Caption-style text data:
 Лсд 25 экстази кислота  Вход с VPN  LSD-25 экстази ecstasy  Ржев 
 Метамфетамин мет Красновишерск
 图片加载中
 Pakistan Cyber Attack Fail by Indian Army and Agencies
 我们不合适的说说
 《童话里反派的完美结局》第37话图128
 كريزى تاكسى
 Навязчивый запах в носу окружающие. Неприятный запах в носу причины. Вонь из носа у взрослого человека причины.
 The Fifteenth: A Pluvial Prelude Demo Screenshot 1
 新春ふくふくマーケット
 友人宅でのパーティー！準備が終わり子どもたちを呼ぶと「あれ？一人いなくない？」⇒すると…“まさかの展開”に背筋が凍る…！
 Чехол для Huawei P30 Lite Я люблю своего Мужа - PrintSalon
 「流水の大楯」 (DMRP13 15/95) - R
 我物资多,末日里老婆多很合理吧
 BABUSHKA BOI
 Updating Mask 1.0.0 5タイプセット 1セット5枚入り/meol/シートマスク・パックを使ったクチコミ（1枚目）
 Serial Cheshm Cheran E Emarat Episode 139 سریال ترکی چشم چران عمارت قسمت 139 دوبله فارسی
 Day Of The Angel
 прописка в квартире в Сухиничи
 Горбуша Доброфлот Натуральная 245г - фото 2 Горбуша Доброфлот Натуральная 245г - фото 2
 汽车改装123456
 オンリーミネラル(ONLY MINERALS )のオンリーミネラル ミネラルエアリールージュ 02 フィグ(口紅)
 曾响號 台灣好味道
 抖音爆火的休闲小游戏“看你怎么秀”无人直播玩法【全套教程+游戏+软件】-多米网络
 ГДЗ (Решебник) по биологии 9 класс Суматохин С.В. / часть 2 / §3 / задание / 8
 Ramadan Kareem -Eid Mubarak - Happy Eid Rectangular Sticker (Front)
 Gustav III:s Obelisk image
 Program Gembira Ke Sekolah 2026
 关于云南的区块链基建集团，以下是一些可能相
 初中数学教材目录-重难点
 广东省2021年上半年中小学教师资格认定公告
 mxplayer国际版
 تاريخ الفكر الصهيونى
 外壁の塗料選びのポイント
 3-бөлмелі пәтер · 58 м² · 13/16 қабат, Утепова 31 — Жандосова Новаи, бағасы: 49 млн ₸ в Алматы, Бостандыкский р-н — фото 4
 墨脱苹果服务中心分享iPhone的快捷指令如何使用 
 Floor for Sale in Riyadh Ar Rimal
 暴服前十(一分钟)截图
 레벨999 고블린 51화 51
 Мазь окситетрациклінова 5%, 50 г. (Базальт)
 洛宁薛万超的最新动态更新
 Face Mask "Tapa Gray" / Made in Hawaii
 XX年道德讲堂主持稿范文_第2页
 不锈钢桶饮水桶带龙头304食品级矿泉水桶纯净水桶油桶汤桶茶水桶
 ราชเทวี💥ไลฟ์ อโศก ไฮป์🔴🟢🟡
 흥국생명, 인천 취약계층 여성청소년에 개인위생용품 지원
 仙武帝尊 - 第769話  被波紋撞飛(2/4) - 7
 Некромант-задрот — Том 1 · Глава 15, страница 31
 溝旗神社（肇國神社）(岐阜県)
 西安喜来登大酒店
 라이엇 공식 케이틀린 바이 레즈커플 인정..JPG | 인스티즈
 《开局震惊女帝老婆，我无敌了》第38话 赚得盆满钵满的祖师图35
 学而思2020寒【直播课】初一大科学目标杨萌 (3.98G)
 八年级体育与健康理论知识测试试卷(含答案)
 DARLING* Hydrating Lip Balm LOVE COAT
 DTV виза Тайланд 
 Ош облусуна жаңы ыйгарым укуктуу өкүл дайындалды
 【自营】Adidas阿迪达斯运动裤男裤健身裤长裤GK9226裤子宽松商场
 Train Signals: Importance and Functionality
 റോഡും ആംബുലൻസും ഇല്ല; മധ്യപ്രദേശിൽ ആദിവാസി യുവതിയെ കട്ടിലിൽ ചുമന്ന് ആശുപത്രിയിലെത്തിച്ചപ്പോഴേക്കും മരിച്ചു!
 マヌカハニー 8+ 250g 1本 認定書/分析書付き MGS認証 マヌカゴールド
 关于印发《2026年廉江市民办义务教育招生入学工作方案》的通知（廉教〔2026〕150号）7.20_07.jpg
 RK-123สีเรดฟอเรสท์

# [Goal of the exercise]
Look above for the line containing "外壁の塗料選びのポイント". From there to the final line of the entries, repeat every line exactly.

# [Exercise solution]
 外壁の塗料選びのポイント
 3-бөлмелі пәтер · 58 м² · 13/16 қабат, Утепова 31 — Жандосова Новаи, бағасы: 49 млн ₸ в Алматы, Бостандыкский р-н — фото 4
 墨脱苹果服务中心分享iPhone的快捷指令如何使用 
 Floor for Sale in Riyadh Ar Rimal
 暴服前十(一分钟)截图
 레벨999 고블린 51화 51
 Мазь окситетрациклінова 5%, 50 г. (Базальт)
 洛宁薛万超的最新动态更新
 Face Mask "Tapa Gray" / Made in Hawaii
 XX年道德讲堂主持稿范文_第2页
 不锈钢桶饮水桶带龙头304食品级矿泉水桶纯净水桶油桶汤桶茶水桶
 ราชเทวี💥ไลฟ์ อโศก ไฮป์🔴🟢🟡
 흥국생명, 인천 취약계층 여성청소년에 개인위생용품 지원
 仙武帝尊 - 第769話  被波紋撞飛(2/4) - 7
 Некромант-задрот — Том 1 · Глава 15, страница 31
 溝旗神社（肇國神社）(岐阜県)
 西安喜来登大酒店
 라이엇 공식 케이틀린 바이 레즈커플 인정..JPG | 인스티즈
 《开局震惊女帝老婆，我无敌了》第38话 赚得盆满钵满的祖师图35
 学而思2020寒【直播课】初一大科学目标杨萌 (3.98G)
 八年级体育与健康理论知识测试试卷(含答案)
 DARLING* Hydrating Lip Balm LOVE COAT
 DTV виза Тайланд 
 Ош облусуна жаңы ыйгарым укуктуу өкүл дайындалды
 【自营】Adidas阿迪达斯运动裤男裤健身裤长裤GK9226裤子宽松商场
 Train Signals: Importance and Functionality
 റോഡും ആംബുലൻസും ഇല്ല; മധ്യപ്രദേശിൽ ആദിവാസി യുവതിയെ കട്ടിലിൽ ചുമന്ന് ആശുപത്രിയിലെത്തിച്ചപ്പോഴേക്കും മരിച്ചു!
 マヌカハニー 8+ 250g 1本 認定書/分析書付き MGS認証 マヌカゴールド
 关于印发《2026年廉江市民办义务教育招生入学工作方案》的通知（廉教〔2026〕150号）7.20_07.jpg
 RK-123สีเรดฟอเรสท์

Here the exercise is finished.